The railroad runs through L’vov, Rovno, Volyn’, Ternopol’, Ivano-Frankovsk, through the Transcarpathian Oblast and Chernovtsy Oblast, through part of Zhitomir Oblast in the Ukrainian SSR, through Brest Oblast in the Byelorussian SSR, and through the Moldavian SSR. The L’vov Railroad connects with the Byelorussian Railroad in the north at Verbka and Luninets; with the Southwest Railroad at Olevsk, Zdolbunov, Lanovtsy, Podvolochisk, Gusiatin, and Kel’mentsy; and with the Odessa-Kishinev Railroad at Oknitsa. In the west it connects with the Polish railroads at lagodin, Rava-Russkaia, Mostiska, Nizhankovitsy, and Starzhava; with the Czechoslovak railroads at Uzhgorod and Chop; with the Hungarian railroads at Chop and Batevo; and with the Rumanian railroads at D’iakovo, Berlebash, and Vadul-Siret. In 1972 the railroad had 4,583.2 km of operational track, or 3.4 percent of the total railroad network of the USSR. The railroad has through connections with other European socialist countries and with several capitalist countries.
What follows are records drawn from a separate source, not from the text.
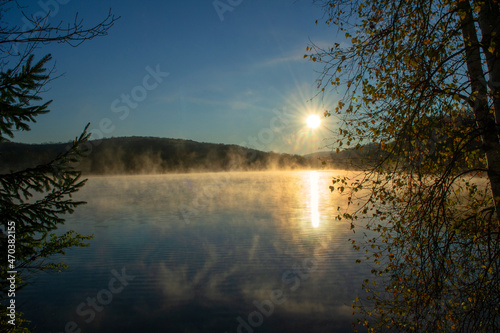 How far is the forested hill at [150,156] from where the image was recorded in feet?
406

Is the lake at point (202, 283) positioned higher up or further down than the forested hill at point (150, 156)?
further down

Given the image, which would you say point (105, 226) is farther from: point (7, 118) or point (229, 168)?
point (229, 168)

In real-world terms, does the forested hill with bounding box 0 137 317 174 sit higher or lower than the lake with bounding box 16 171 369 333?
higher

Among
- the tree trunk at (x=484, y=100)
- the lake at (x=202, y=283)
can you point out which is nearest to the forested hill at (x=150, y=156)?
the lake at (x=202, y=283)

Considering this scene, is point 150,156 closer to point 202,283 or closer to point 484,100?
point 202,283

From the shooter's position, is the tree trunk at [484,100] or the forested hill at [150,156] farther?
the forested hill at [150,156]

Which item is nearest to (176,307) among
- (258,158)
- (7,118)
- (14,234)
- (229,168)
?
(14,234)

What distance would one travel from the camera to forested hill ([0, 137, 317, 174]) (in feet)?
406

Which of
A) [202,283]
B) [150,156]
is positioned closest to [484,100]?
[202,283]

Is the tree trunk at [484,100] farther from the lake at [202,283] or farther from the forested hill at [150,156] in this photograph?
the forested hill at [150,156]

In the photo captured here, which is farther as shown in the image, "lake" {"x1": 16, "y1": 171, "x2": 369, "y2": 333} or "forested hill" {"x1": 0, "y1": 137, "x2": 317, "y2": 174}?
"forested hill" {"x1": 0, "y1": 137, "x2": 317, "y2": 174}

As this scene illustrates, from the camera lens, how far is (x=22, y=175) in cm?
574

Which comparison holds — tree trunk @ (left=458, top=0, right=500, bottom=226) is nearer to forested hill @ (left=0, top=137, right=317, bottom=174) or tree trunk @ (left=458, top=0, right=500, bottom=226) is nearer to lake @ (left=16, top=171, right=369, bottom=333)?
lake @ (left=16, top=171, right=369, bottom=333)

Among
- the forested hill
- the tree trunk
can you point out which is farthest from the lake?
the forested hill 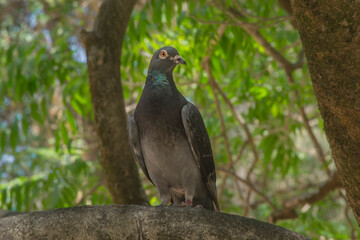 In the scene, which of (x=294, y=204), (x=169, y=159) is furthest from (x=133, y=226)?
(x=294, y=204)

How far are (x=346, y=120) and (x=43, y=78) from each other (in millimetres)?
4213

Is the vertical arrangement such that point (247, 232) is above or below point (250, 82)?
below

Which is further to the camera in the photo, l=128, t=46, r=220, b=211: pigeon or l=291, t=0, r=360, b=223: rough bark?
l=128, t=46, r=220, b=211: pigeon

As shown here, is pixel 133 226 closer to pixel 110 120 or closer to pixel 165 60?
pixel 110 120

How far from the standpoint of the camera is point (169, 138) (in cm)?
Answer: 344

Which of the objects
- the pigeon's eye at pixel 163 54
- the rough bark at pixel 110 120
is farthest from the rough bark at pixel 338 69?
the rough bark at pixel 110 120

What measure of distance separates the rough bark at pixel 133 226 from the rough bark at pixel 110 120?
156cm

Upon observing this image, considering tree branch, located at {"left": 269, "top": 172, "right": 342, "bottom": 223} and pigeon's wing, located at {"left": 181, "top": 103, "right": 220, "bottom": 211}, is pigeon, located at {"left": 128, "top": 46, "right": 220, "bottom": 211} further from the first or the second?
tree branch, located at {"left": 269, "top": 172, "right": 342, "bottom": 223}

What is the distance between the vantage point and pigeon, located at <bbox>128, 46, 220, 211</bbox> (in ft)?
11.3

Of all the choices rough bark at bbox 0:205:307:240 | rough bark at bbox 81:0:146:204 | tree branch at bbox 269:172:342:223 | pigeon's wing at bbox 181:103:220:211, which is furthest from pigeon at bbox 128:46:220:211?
tree branch at bbox 269:172:342:223

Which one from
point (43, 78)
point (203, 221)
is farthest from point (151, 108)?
point (43, 78)

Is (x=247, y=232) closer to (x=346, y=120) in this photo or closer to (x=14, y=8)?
(x=346, y=120)

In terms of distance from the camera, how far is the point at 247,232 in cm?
217

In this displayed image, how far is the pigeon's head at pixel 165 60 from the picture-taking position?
12.2 feet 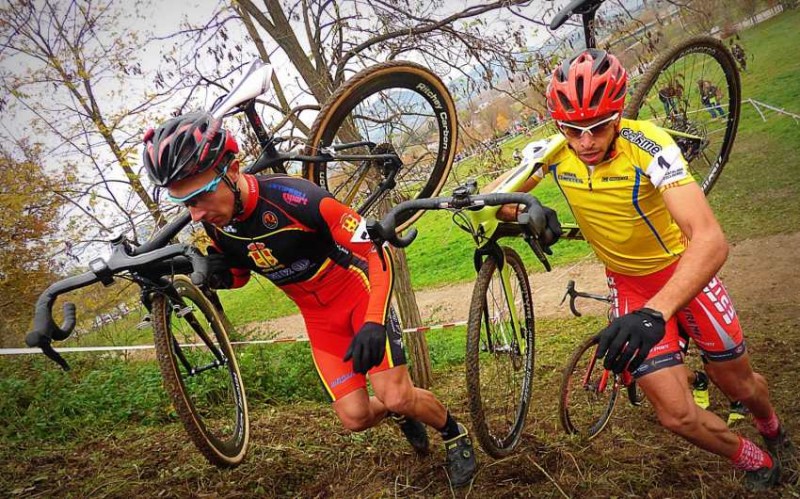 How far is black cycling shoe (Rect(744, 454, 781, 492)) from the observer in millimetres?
3221

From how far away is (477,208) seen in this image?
10.7ft

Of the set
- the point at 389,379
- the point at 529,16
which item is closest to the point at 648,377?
the point at 389,379

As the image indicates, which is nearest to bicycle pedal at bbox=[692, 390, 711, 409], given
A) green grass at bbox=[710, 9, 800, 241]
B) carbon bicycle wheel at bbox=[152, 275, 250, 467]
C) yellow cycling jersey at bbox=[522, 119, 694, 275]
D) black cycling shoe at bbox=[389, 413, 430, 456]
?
yellow cycling jersey at bbox=[522, 119, 694, 275]

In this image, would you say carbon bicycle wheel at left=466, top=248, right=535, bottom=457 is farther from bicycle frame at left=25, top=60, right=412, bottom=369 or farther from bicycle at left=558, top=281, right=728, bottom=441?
bicycle frame at left=25, top=60, right=412, bottom=369

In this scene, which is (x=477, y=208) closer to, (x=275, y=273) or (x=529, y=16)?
(x=275, y=273)

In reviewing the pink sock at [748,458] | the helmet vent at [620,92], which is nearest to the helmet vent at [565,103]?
the helmet vent at [620,92]

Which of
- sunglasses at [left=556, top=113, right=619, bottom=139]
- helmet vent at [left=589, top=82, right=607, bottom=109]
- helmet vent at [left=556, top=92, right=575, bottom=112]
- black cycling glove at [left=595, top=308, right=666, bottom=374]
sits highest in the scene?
helmet vent at [left=556, top=92, right=575, bottom=112]

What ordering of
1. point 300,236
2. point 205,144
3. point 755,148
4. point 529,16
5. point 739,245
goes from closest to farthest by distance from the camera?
1. point 205,144
2. point 300,236
3. point 529,16
4. point 739,245
5. point 755,148

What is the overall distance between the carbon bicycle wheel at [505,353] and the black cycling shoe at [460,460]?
0.65 ft

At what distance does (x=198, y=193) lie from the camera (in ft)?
9.97

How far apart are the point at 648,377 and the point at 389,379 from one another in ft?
5.09

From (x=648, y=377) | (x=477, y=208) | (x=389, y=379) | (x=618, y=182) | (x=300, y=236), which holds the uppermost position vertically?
(x=300, y=236)

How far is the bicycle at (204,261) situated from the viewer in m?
3.16

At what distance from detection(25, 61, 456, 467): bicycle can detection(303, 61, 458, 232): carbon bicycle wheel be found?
11 mm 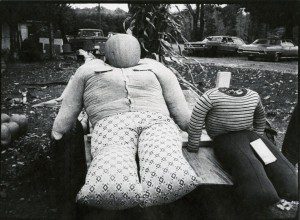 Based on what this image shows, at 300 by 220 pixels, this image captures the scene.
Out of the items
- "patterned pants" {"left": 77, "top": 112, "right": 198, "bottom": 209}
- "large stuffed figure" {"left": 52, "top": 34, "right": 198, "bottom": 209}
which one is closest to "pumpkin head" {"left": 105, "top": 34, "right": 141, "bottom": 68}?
"large stuffed figure" {"left": 52, "top": 34, "right": 198, "bottom": 209}

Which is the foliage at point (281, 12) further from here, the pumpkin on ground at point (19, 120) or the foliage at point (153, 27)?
the foliage at point (153, 27)

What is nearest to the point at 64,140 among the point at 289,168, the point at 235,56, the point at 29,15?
the point at 29,15

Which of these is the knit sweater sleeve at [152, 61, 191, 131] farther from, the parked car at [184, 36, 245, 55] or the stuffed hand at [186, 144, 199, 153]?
the parked car at [184, 36, 245, 55]

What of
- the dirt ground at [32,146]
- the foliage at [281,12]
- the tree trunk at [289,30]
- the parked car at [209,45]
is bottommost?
the dirt ground at [32,146]

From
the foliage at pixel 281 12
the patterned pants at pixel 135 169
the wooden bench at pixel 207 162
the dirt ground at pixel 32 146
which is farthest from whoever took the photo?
the dirt ground at pixel 32 146

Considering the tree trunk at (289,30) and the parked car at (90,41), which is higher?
the tree trunk at (289,30)

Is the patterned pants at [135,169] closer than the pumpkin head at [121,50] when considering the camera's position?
Yes

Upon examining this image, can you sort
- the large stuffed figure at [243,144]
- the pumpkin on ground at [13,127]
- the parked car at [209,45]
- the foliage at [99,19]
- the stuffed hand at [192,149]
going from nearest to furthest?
1. the large stuffed figure at [243,144]
2. the foliage at [99,19]
3. the stuffed hand at [192,149]
4. the pumpkin on ground at [13,127]
5. the parked car at [209,45]

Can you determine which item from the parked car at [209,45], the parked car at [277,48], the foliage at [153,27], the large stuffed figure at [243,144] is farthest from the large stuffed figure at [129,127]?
the foliage at [153,27]

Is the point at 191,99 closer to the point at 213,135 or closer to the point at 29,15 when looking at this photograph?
the point at 213,135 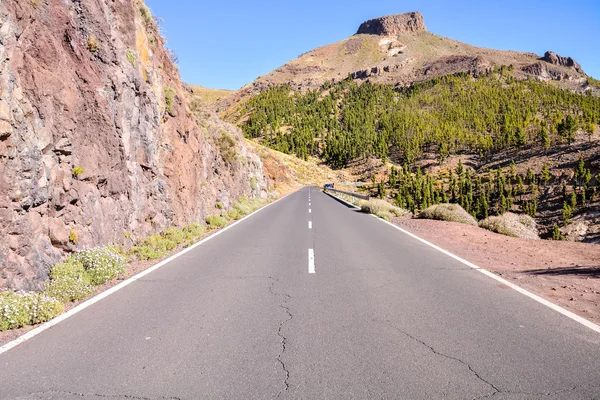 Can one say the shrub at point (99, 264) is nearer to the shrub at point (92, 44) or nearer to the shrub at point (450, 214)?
the shrub at point (92, 44)

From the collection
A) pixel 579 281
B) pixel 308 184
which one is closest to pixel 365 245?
pixel 579 281

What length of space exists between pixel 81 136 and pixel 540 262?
37.0 ft

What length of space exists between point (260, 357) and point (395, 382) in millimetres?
1366

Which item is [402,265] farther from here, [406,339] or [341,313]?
[406,339]

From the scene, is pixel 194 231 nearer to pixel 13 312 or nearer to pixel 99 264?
pixel 99 264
Most of the railroad network was built during the prerevolutionary period. The equipment was not uniform, and railroad junctions and tracks were poorly developed. The growth of domestic freight transport and foreign trade after the Great Patriotic War (1941-45) necessitated overall reconstruction of the railroad. Heavy rails and crushed-stone ballast were laid, new types of locomotives and automation were introduced, important stretches were electrified, and junctions were developed.
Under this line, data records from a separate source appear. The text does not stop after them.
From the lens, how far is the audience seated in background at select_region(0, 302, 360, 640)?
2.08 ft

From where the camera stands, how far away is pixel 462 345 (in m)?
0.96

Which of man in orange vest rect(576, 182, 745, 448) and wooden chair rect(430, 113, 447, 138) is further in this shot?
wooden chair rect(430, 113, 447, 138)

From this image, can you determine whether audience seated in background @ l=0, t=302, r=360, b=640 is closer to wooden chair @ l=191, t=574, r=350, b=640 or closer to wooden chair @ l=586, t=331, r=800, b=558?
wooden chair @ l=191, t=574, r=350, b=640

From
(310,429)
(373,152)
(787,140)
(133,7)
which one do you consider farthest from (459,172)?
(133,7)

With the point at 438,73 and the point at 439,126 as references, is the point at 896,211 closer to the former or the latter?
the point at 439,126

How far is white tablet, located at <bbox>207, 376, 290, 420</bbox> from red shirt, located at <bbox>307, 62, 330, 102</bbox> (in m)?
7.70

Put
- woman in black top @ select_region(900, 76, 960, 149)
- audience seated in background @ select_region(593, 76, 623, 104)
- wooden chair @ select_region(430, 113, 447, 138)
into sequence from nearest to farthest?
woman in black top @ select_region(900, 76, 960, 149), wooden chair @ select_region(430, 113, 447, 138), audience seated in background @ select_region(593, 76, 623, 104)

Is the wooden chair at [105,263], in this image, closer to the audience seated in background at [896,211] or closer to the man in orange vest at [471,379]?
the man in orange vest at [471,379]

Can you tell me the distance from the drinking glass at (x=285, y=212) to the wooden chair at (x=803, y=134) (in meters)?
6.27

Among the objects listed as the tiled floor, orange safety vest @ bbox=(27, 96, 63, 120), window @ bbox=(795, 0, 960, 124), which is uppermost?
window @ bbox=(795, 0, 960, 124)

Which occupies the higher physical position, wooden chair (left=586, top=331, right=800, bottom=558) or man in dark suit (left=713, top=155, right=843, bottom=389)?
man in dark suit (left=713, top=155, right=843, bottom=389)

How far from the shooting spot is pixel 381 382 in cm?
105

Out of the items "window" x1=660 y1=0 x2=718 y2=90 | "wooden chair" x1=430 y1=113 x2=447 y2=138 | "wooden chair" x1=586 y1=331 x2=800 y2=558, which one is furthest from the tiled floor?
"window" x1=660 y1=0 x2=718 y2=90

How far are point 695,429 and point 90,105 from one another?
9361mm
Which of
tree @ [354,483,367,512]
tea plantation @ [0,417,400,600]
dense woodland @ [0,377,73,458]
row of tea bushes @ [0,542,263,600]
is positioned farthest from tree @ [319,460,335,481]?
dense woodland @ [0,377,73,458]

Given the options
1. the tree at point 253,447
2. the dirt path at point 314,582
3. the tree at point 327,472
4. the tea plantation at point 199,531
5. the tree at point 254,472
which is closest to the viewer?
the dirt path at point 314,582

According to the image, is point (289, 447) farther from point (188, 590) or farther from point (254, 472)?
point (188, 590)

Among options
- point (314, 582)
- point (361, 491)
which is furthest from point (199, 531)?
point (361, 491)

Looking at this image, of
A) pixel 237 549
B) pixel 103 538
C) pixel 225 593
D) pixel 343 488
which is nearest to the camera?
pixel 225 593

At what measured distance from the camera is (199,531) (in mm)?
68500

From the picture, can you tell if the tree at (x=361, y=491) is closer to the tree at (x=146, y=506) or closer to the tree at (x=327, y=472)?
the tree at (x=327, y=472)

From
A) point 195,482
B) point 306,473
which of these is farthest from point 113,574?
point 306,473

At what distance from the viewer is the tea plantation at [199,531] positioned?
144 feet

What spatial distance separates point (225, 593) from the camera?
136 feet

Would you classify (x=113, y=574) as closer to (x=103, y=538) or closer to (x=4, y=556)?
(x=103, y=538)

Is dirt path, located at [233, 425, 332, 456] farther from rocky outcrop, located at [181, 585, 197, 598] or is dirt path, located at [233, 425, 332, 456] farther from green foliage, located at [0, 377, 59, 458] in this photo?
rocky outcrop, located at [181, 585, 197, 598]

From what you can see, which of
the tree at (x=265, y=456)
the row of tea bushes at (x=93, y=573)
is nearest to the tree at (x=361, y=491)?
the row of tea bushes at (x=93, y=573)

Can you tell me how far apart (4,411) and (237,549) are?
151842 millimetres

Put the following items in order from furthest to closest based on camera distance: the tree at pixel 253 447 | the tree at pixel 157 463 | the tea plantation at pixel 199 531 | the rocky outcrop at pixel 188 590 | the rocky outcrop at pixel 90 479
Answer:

The railroad serves important industrial regions, with coal mines, oil fields, plants producing machinery, lathes, and chemical products, power generating stations, oil refineries, logging and woodworking areas, and building material deposits. It also serves farm regions producing grain and beets and centers of animal husbandry. In 1972 the railroad transported 45,853,000,000 ton-kilometers of freight, or 1.7 percent of the freight carried by the USSR’s entire railroad network. Transit freight accounts for 50 percent of the total; import freight, 16 percent; export freight, 15 percent; and local traffic, 19 percent. The greatest proportion of the transit freight is made up of ore, coal, ferrous metals, oil and petroleum products, machinery, and grain. Import freight consists chiefly of coal, metals, construction materials, petroleum products, and products of the light and food industries. Export freight includes grain, beets, lumber, chemical products, and machinery. Local freight traffic is made up mainly of construction materials, lumber, and agricultural products.
Electric and diesel power accounted for 98.8 percent of all the railroad’s transport. The railroad handles 1.6 percent of the USSR’s total railroad passenger traffic, transporting 77 million passengers annually, including 63 million suburban commuters. The railroad was awarded the Order of the Red Banner of Labor in 1973.